Catholics are obligated to respect national sovereignty and love their own country. The American people do not support the automatic right of citizenship for every poor person in the world and “Catholics” with Marxist thinking have no right to shove it down their throats and reject the rule of law in the name of Marxist theology that is arrogant and proud.
Jesus considered sin, not poverty or physical deprivation, the worst of all evils. Uprooting many millions of people from rural communities and their own cultures and settling them in modern cities in America has often produced moral chaos. As a Catholic you should care first about the spiritual status of Mexico. Is the Mexican government committed to aiding Mexicans in their salvation? No, it is not. But neither is America. Who are you to say that the many millions of Mexicans who want to come here cannot live a better life in their own country, cannot be helped by foreign charity and cannot bring about the Social Reign of Christ in Mexico?
— Comments —
Adam writes:
Evelyn wrote: “If you cannot feed yourself, how are you to have energy to do anything but survive?”
Mexicans are not starving. In fact, in 2013 the rate of obesity in Mexico was found to surpass that in the United States (see CBS News and this report from the United Nations, page 77). Mexico has the highest rate of obesity in the world, and the U.S. comes in second place.
Laura writes:
Details, details.
James P. writes:
Evelyn asks whether or not you have been to Mexico and seen the face of poverty.
Evelyn is evidently unaware that Mexico has the tenth largest economy in the world and the majority of the population is solidly middle class. This means that poverty in Mexico is within the power of Mexico to solve. And, just as you said, Mexicans should stay there and solve it.
Perfesser Plum writes:
Evelyn writes,
“You are not a Catholic. Nor are you a thinking Catholic.”
Well, I guess if you are not a Catholic you wouldn’t be a thinking Catholic.
It would have been funnier if Evie had said, “And I bet you aren’t a housewife, either. Ha!”

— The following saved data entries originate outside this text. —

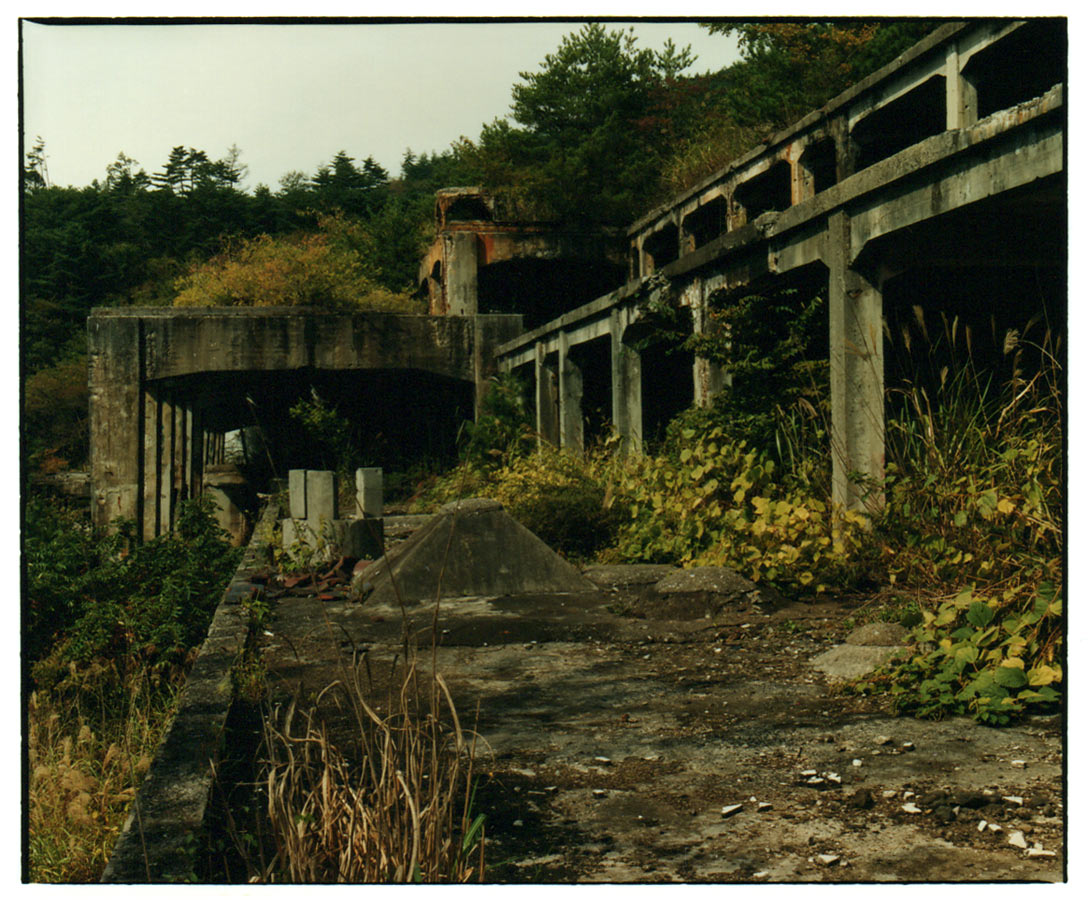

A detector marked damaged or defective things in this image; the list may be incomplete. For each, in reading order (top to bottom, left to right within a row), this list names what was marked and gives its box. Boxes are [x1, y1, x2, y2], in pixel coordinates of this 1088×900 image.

cracked concrete ground [256, 578, 1061, 879]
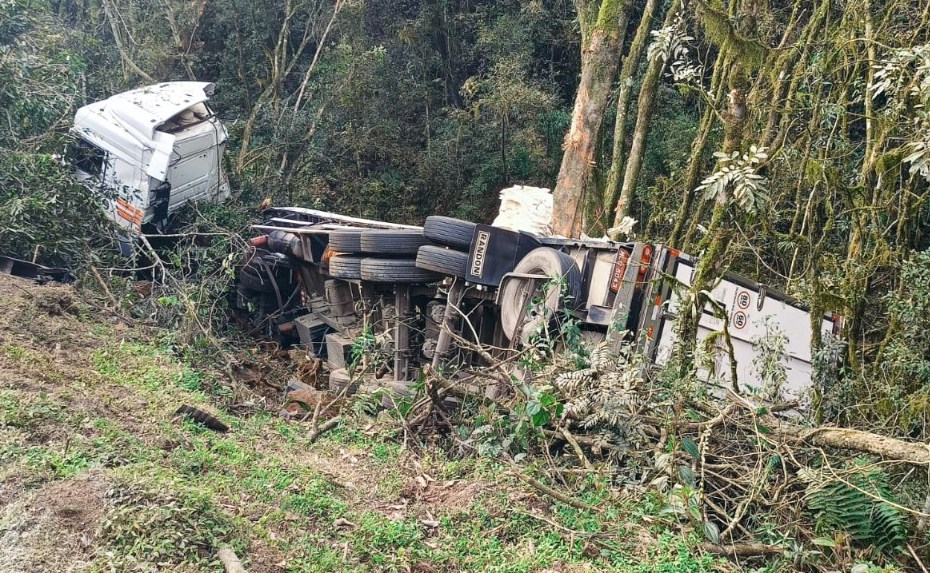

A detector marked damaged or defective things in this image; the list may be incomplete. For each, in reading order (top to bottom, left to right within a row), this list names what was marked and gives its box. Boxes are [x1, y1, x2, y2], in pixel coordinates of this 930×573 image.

overturned truck [234, 208, 840, 400]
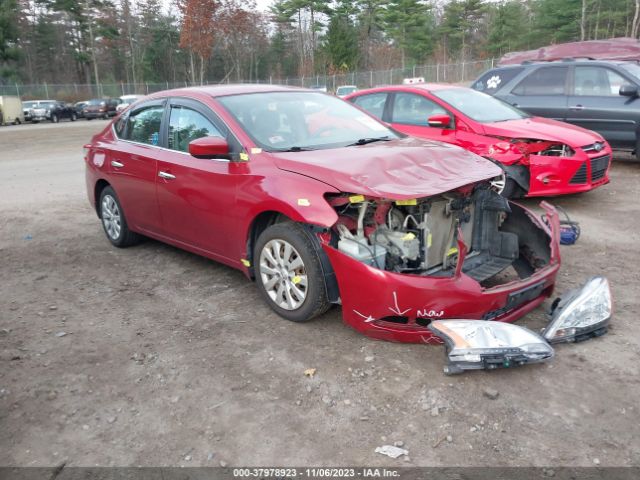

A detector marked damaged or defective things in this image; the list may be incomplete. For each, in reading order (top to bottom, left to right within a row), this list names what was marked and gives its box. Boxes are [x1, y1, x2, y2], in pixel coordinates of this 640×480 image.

crumpled hood metal [270, 135, 500, 199]
damaged red car [348, 84, 612, 197]
crumpled hood metal [482, 116, 604, 146]
damaged red car [85, 85, 560, 342]
crushed front end [322, 185, 556, 344]
detached headlight [544, 276, 612, 344]
second detached headlight [544, 276, 612, 344]
detached headlight [428, 318, 552, 376]
second detached headlight [428, 318, 552, 376]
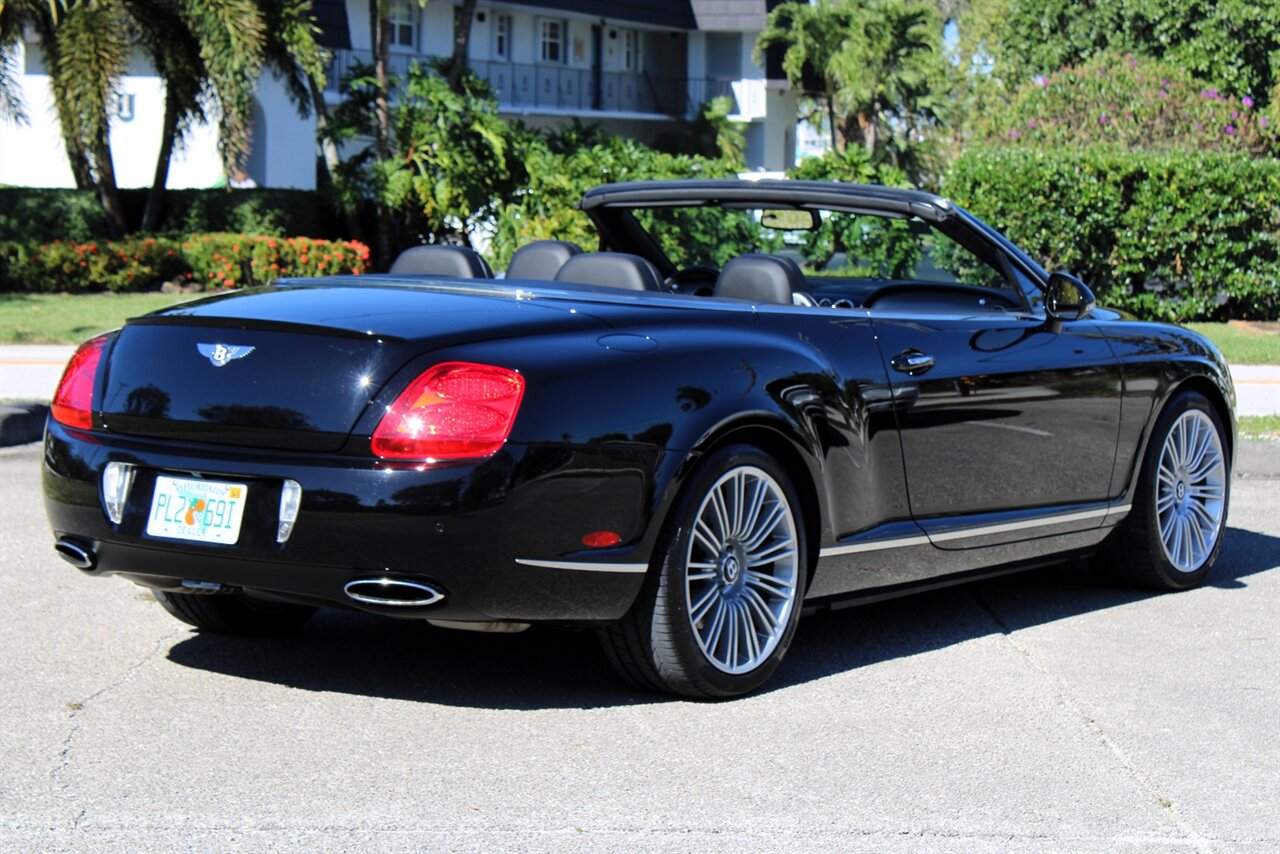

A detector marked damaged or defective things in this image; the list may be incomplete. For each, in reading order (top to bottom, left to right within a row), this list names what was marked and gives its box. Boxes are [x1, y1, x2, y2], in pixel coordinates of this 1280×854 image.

pavement crack [972, 588, 1213, 854]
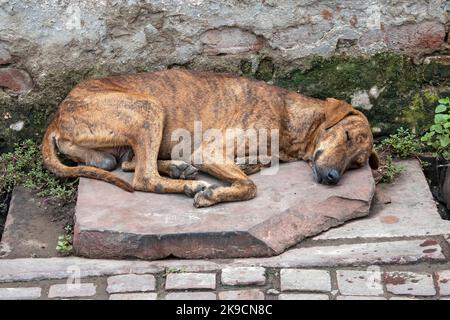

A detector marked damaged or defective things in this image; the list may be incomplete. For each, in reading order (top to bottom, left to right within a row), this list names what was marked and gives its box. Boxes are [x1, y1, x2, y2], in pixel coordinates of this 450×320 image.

peeling plaster wall [0, 0, 448, 148]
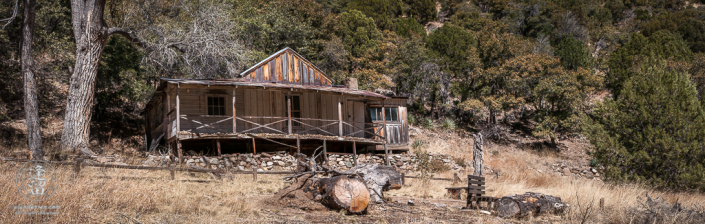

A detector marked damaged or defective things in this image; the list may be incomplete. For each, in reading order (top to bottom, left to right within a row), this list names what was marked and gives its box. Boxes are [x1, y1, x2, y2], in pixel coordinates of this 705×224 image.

rusted metal roof [160, 77, 388, 98]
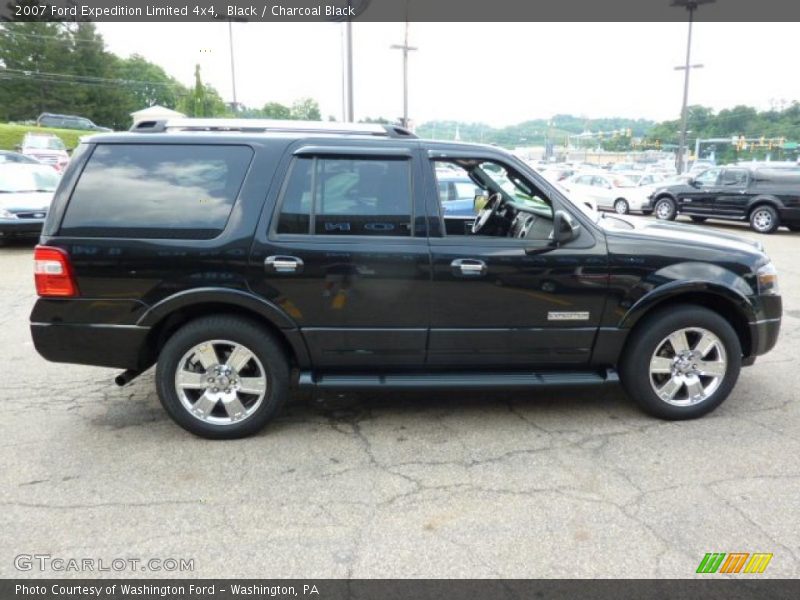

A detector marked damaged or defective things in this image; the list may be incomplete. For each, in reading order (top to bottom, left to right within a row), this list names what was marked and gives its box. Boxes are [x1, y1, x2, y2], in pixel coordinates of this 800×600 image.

cracked asphalt [0, 221, 796, 580]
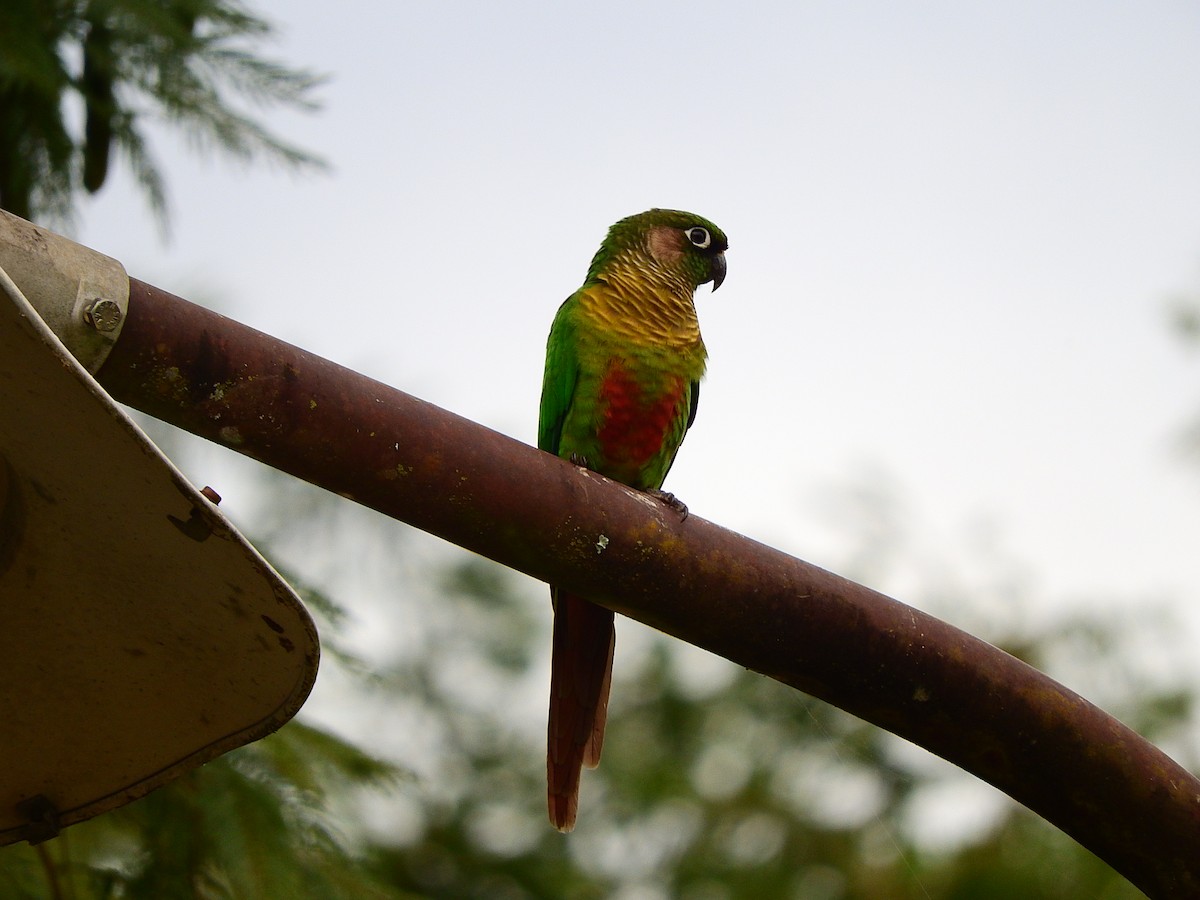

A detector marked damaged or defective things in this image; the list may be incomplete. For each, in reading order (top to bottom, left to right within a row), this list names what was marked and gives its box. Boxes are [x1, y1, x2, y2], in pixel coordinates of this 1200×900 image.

rusty metal pole [96, 278, 1200, 897]
rust stain on pole [96, 278, 1200, 897]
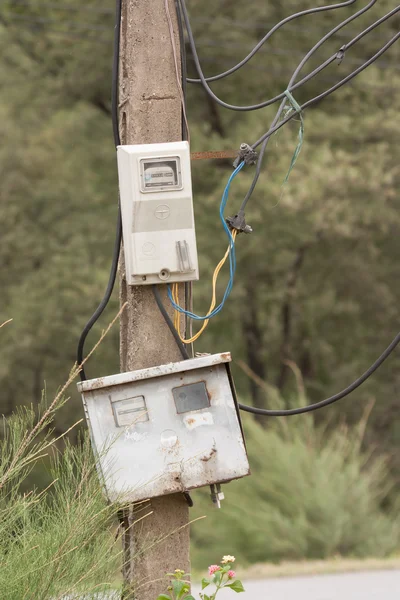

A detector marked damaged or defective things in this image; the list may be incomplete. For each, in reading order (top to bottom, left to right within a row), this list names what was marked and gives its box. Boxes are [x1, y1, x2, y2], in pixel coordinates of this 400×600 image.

rusty junction box [76, 354, 248, 504]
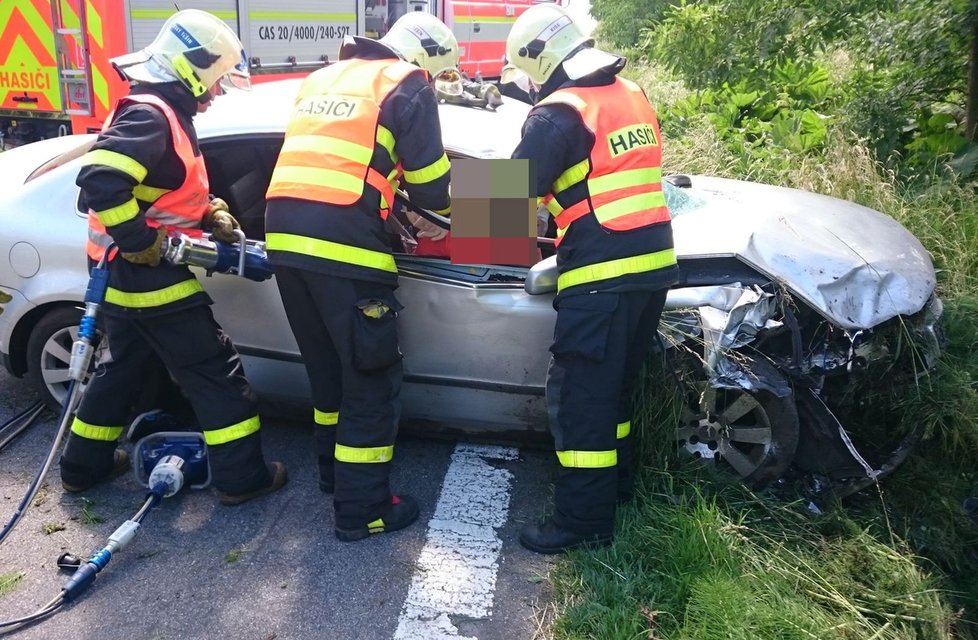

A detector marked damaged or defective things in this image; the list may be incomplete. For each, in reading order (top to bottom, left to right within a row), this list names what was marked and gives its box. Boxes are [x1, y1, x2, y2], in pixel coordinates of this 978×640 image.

damaged silver car [0, 81, 940, 500]
crumpled hood [668, 175, 936, 330]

I suspect Evelyn’s blew a fuse or something.
Kevin M. writes:
Laura writes:
Mexico is also a country of rampant corruption and very low salaries for unskilled labor. And a significant portion of Mexico’s wealth comes from money sent home by Mexicans who work in this country. The Catholic writer Thomas Droleskey wrote in 2010:
These desperate people have fled desperate poverty that has been brought about in very large measure by the statist policies of the Federal government of the United Mexican States, whose officials are more than happy to see “economic burdens” leave their country and then to turn around and accuse the American people of being “racist” when they make demands to secure the American border with Mexico. It is also certainly true that the North American Free Trade Agreement, which was passed by simple majority vote of both Houses of the United States Congress rather than by two-thirds majority vote of the members of the United States Senate on November 17, 1993, has worsened the conditions of poor Mexicans, being perhaps the single most important proximate cause in the dramatic increase in illegal immigration that has occurred in the past sixteen years alone.